TAX CONSEQUENCES OF THE GIFT OF YOUR HORSE TO CHARITY

Introduction

Today the Preakness is being run, so what about a gift horse? You could sell your horse and donate the proceeds; then we’re talking about a cash gift. But if you’ve owned the horse more than two years, the horse could be treated as a long-term capital asset. [Generally speaking, you only have to own property for more than one year to claim long term capital gain status, but horses must be owned for more than two years.]

Basic requirement

To receive a deduction, make certain the organization you choose to receive your horse is certified by the IRS as a charitable organization. You can check out the organization with a search on the IRS website here.

The concept of “related use”

Has the value of your horse increased or decreased since you purchased the horse? If the value has decreased, then the use of the horse by the nonprofit to which you donated the horse does not matter, most probably. If the value of your horse has increased, however, the doctrine of “related use” kicks in.

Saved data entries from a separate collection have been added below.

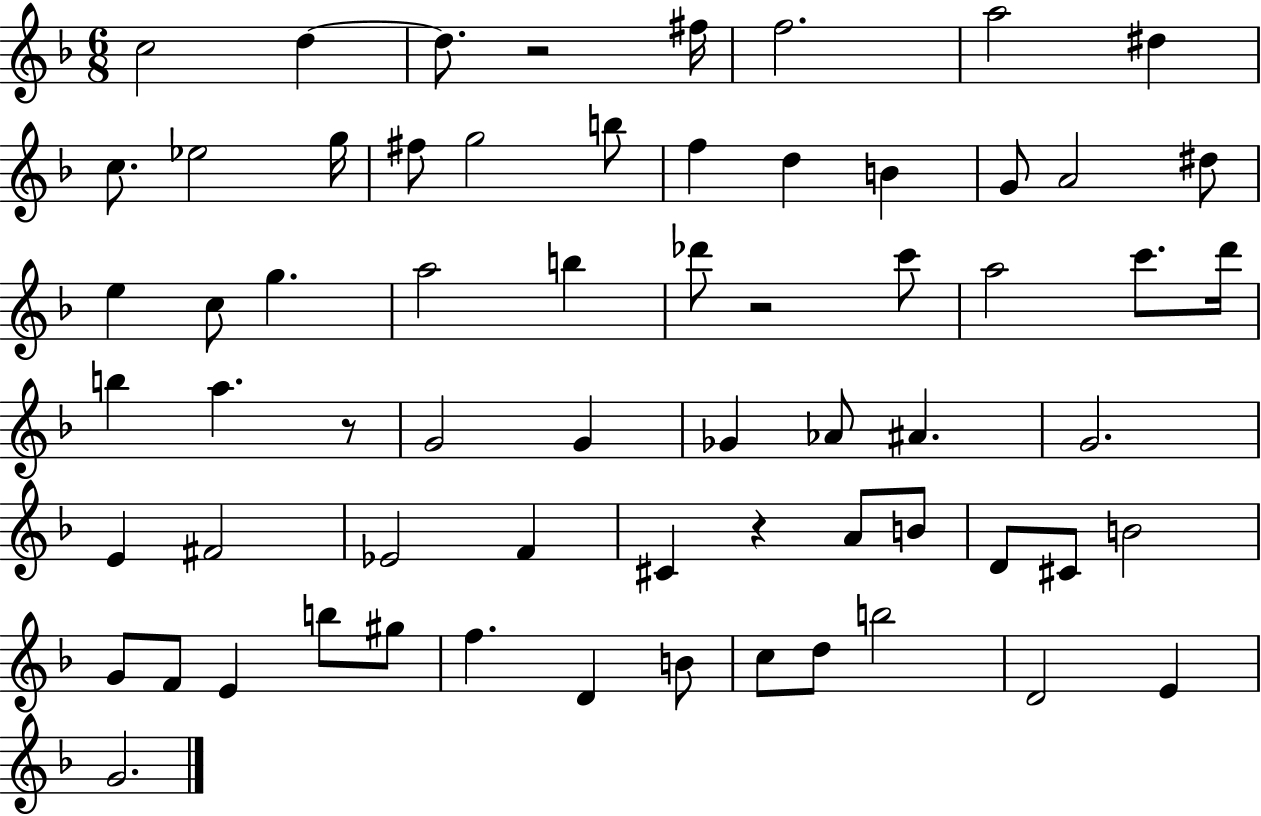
X:1
T:Untitled
M:6/8
L:1/4
K:F
c2 d d/2 z2 ^f/4 f2 a2 ^d c/2 _e2 g/4 ^f/2 g2 b/2 f d B G/2 A2 ^d/2 e c/2 g a2 b _d'/2 z2 c'/2 a2 c'/2 d'/4 b a z/2 G2 G _G _A/2 ^A G2 E ^F2 _E2 F ^C z A/2 B/2 D/2 ^C/2 B2 G/2 F/2 E b/2 ^g/2 f D B/2 c/2 d/2 b2 D2 E G2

If appreciated property is considered related to the nonprofit’s exempt purpose, the deduction is based on fair market value and available to the extent of 30% of the donor’s adjusted gross income. If property is considered unrelated to the public charity’s exempt purpose, the deduction is based on the lesser of fair market value and cost basis, and is available to the extent of 50% of donor’s adjusted gross income.

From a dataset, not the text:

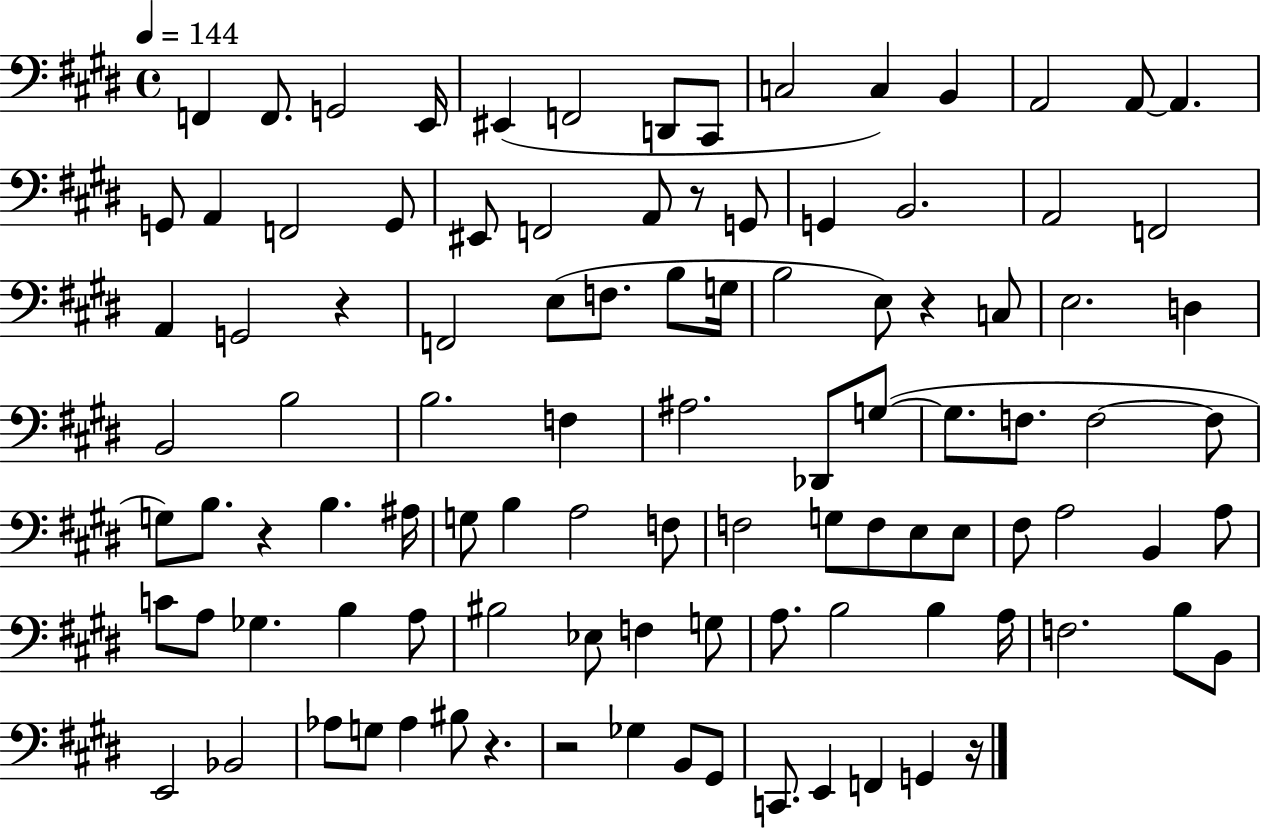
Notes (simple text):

F2/q F2/e. G2/h E2/s EIS2/q F2/h D2/e C#2/e C3/h C3/q B2/q A2/h A2/e A2/q. G2/e A2/q F2/h G2/e EIS2/e F2/h A2/e R/e G2/e G2/q B2/h. A2/h F2/h A2/q G2/h R/q F2/h E3/e F3/e. B3/e G3/s B3/h E3/e R/q C3/e E3/h. D3/q B2/h B3/h B3/h. F3/q A#3/h. Db2/e G3/e G3/e. F3/e. F3/h F3/e G3/e B3/e. R/q B3/q. A#3/s G3/e B3/q A3/h F3/e F3/h G3/e F3/e E3/e E3/e F#3/e A3/h B2/q A3/e C4/e A3/e Gb3/q. B3/q A3/e BIS3/h Eb3/e F3/q G3/e A3/e. B3/h B3/q A3/s F3/h. B3/e B2/e E2/h Bb2/h Ab3/e G3/e Ab3/q BIS3/e R/q. R/h Gb3/q B2/e G#2/e C2/e. E2/q F2/q G2/q R/s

So, for example, if you donate your horse to a youth homeless shelter, so the youth can care for  the horses, my best guess would be that you can’t deduct the FMV, as the shelter’s charitable purpose does not really relate to or with horses. Donating the horse to a therapeutic horse riding center, however, should allow FMV deduction since horses are obviously used to fulfill the nonprofit’s major charitable purpose.

Valuation requirements

Donation of a horse, like any donation, requires substantiation if you want to claim a federal income charitable deduction. Here’s a simple explanation of IRS record keeping rules for the charitable deduction:

Gifts of less than $250 per donee — you need a cancelled check or receipt

$250 or more per donee — you need a timely written acknowledgement from the donee

Total deductions for all property exceeds $500 — you need to file IRS Form 8283

Deductions exceeding $5,000 per item — you need a qualified appraisal completed by a qualified appraiser

I provide details on substantiation requirements in a blog post here.

Conclusion

A gift of a horse of course could provide helpful tax benefits. But proceed with due care, as there are some tricky rules.

Gordon Fischer Law Firm, P.C. is dedicated to promoting and maximizing charitable giving in Iowa. Gordon can be reached by phone at 515-371-6077; by email at gordon@gordonfischerlawfirm.com; and through his website at www.gordonfischerlawfirm.com.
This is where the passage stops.